In news reports that give as basis private communication between Cardinal Rylko, Bishop Reyes, and Couples for Christ executive director Joe Tale, who incidentally is also Gawad Kalinga board chairman, it was headlined that the Vatican admonishes and chastises Gawad Kalinga's "overemphasis on social work." The statement is not only shocking, but utterly absurd. It is, in fact, quite perverted because of the fact that it comes from the Catholic Church as orchestrated by a bishop from the Philippines.

The story of poverty and corruption in our homeland is not anymore fresh news, only the intermittent introduction of new faces in deep pain from the ranks of the poor, or the new ways by which those in power manipulate the siphoning of billions from the treasury to personal pockets. What is generally known but not so talked about is the participation, by commission or omission, of the Catholic Church in causing and perpetuating the situation of poverty and corruption. A few opinion writers like Conrad de Quiros do take occasional potshots at the hypocrisy of some bishops, but there are not many more.

Because of the same reluctance to taint the religious despite solid reasons for doing so, the Catholic Church in the United States finally was forced in several legal settlements to pay more than a billion dollars to victims of sexual abuse committed by priests and bishops. For a very long time, these sexual abuses were hidden from public knowledge, many of them denied, in fact, and the guilty ones were allowed to go unpunished and even promoted in some instances. But wrongdoing is more easily detected and exposed today, unfortunately not from the exercise of higher values or the practice of Catholicism but from the power of technology that is steadily forcing everything to be transparent.

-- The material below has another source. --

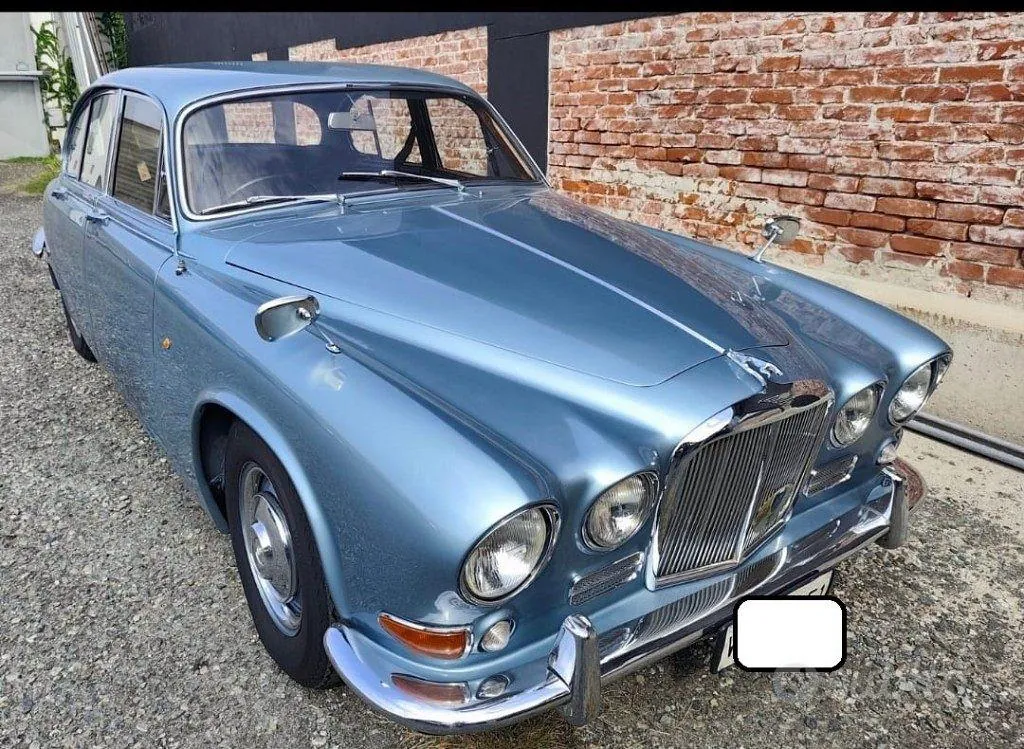 Jaguar 420 1960 photo 3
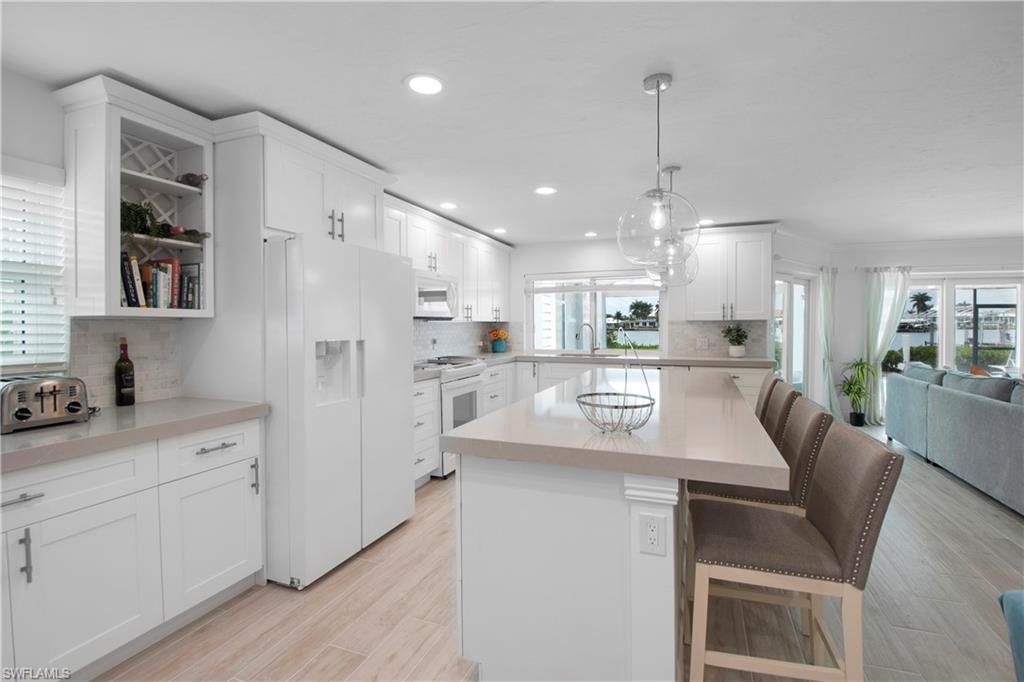 19 Pelican St E, Naples, FL 34113 Photo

The actuation of Bishop Gabriel Reyes is suspect because his name had already been reported in another controversy affecting Couples for Christ (CFC) last year. Seen clearly by the hundreds of thousands of CFC members as a partisan supporter of a breakaway splinter group, Bishop Reyes has done much to damage the image of the Church to these Catholics who do much more in living out their fate than most others who can claim membership only by name and by ritual. Mainstream CFC has remained quiet, matching what they see as duplicity of authority by an outer show of respect and obedience which is just as false. Leaders of organizations of the laity are quickly taught that honesty and courage can be dangerous while compromise and hypocrisy can get you there faster.

Gawad Kalinga, though, need not listen to Bishop Gabriel Reyes. Its own experience with this Bishop of Antipolo is another story in itself and reserved for another day. Gawad Kalinga is a secular organization, an independent juridical body, and is Catholic, not by law but by choice, because most of its officers, workers, volunteers and partners are Catholics who strive to be more authentic than their pastors. Gawad Kalinga is not a subsidiary of CFC or submitted to it by legal requirement. That Gawad Kalinga is identified with CFC is natural and beneficial because two independent bodies have become almost like one from a shared history and shared values. The law created them separately and treats them separately, but a common membership bonds the two entities powerfully.

It is an emerging reality, though, that Gawad Kalinga will expand well beyond CFC. Its nature is ecumenist, nonjudgmental, multi-sectoral, inclusive yet deeply anchored on faith in God, love of neighbor and sacrifice for country. Most know, but do not mind, that Gawad Kalinga is Catholic in its perspective—the Catholic who heeds calls from the Pope for ecumenism and rejects temptations towards fundamentalism and spiritual bigotry. In Gawad Kalinga, Catholicism is not preached, it is witnessed. Very soon, millions more will see, will understand, and will be part of Gawad Kalinga.

Pope Benedict XVI has just affirmed the Gawad Kalinga way by reaching out to the most anti-life nation and accepting the welcome of the most anti-life president, both anti-life by Catholic Church definition. The Pope affirmed the primacy of engagement over condemnation in fidelity to the footsteps of his Church's Divine Founder. With the Pope's courage and wisdom, there is hope that erring cardinals and bishops who have veered away will ultimately see the way, the truth and the light.